Alles wurde finster, sobald sich Adam und Eva gegen Gott gewandt hatten. Nun konnten sie Gott nicht mehr sehen. Es war, als habe sich eine große, undurchdringliche, dunkle Decke zwischen das Licht Gottes und den Ort der Menschen geschoben. Seitdem bemühen sich die Menschen im wahrsten Sinn mehr schlecht als recht, sich durch das nun so dunkle, kalte Leben zu schlagen. Dabei gilt gewöhnlich das Recht des Stärkeren, Schlaueren, Brutaleren. Ja, man hat dies sogar allgemein zum Prinzip des Lebens erklärt und lehrt es in Schulen und Universitäten, allerdings ist das Jammern groß, wenn sich die Folgen dieser Philosophie zeigen, wenn die Starken die Schwachen unterdrücken, ausnutzen und als eigentlich nicht überlebenswert verachten.

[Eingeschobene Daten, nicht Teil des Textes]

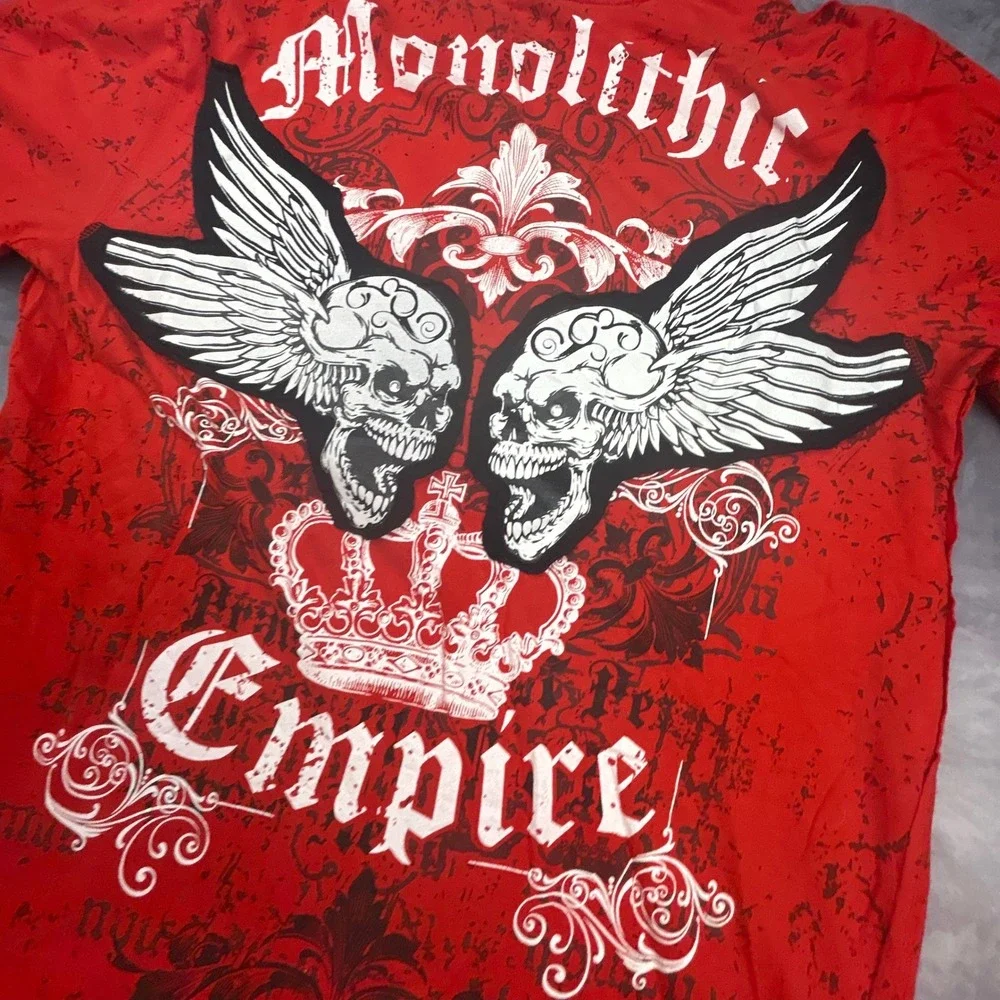 Monolithic Empire Red Graphic Tee Vintage Y2K Skulls Studded Biker Shirt Large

In all dieser gottfernen Finsternis blieb die Sehnsucht nach Hilfe erhalten, und die Menschen erdachten sich Götter. Sie waren aber nur Bilder ihrer Seele, die sie an die Unterseite der dunklen Decke projizierten, wie der Psychoanalytiker Freud es treffend dargestellt hat. Darum zeigen diese »Götter« auch die gleichen Leidenschaften, Begierden und Bosheiten wie ihre Erfinder. Sogar die Ohnmacht dieser Götter gegen das »Schicksal« ist ein Spiegelbild der menschlichen Erfahrung. Das wird besonders in den germanischen Göttersagen deutlich.

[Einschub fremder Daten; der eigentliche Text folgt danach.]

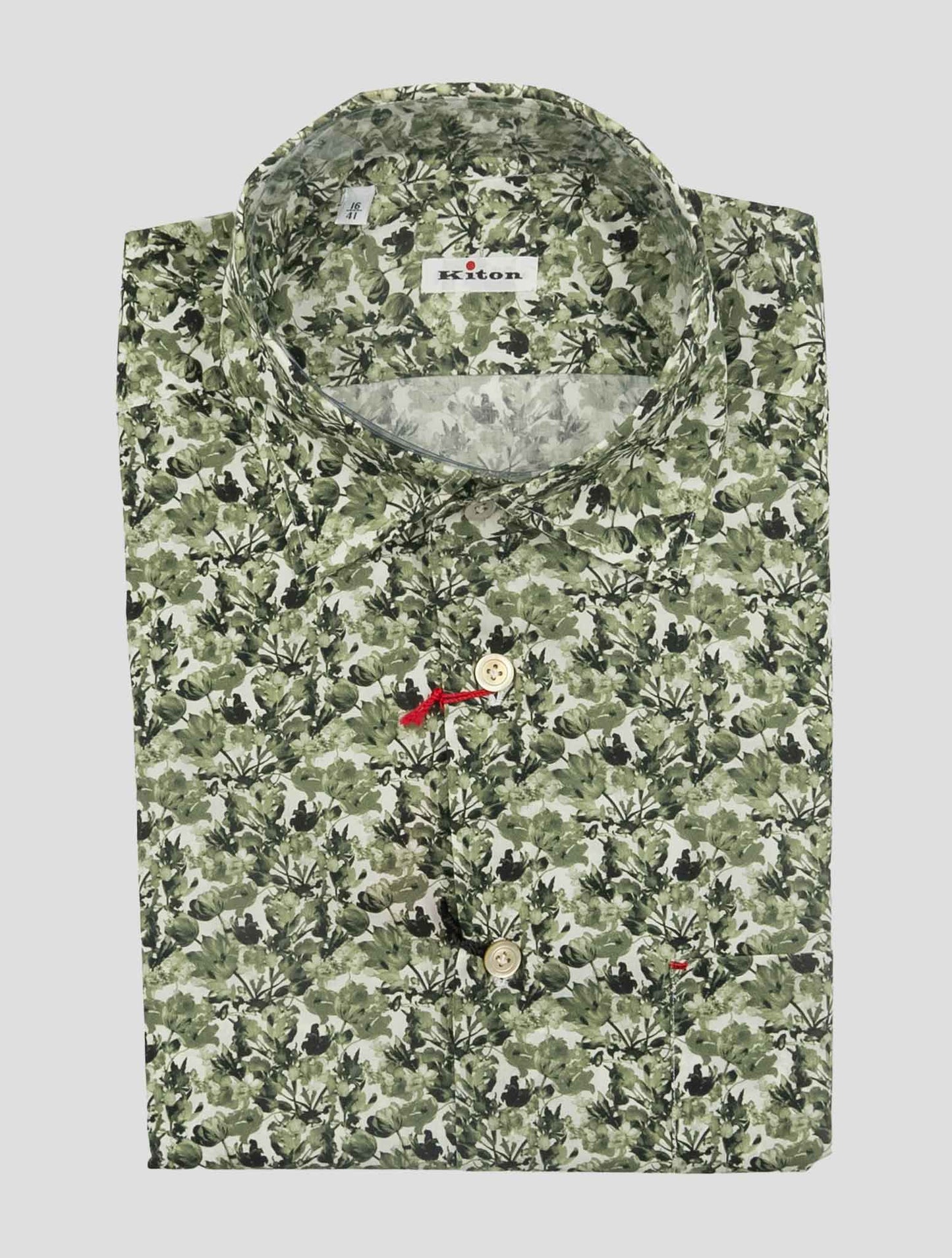 Kiton Green White Cotton Shirt Nerano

Auch die Künste sollen helfen, die Daseinsängste zu vertreiben und ein wenig Sinn in die Sinnlosigkeit des Daseins zu bringen; denn welchen Sinn hat alles Leid, wenn man als ein Zufallsprodukt nur kommt, um wieder zu vergehen? Ja, und wer es weniger intellektuell mag, tröstet sich mit Unterhaltung und Vergnügungen. Wirklichen Frieden aber gibt es unter diesen Umständen nicht.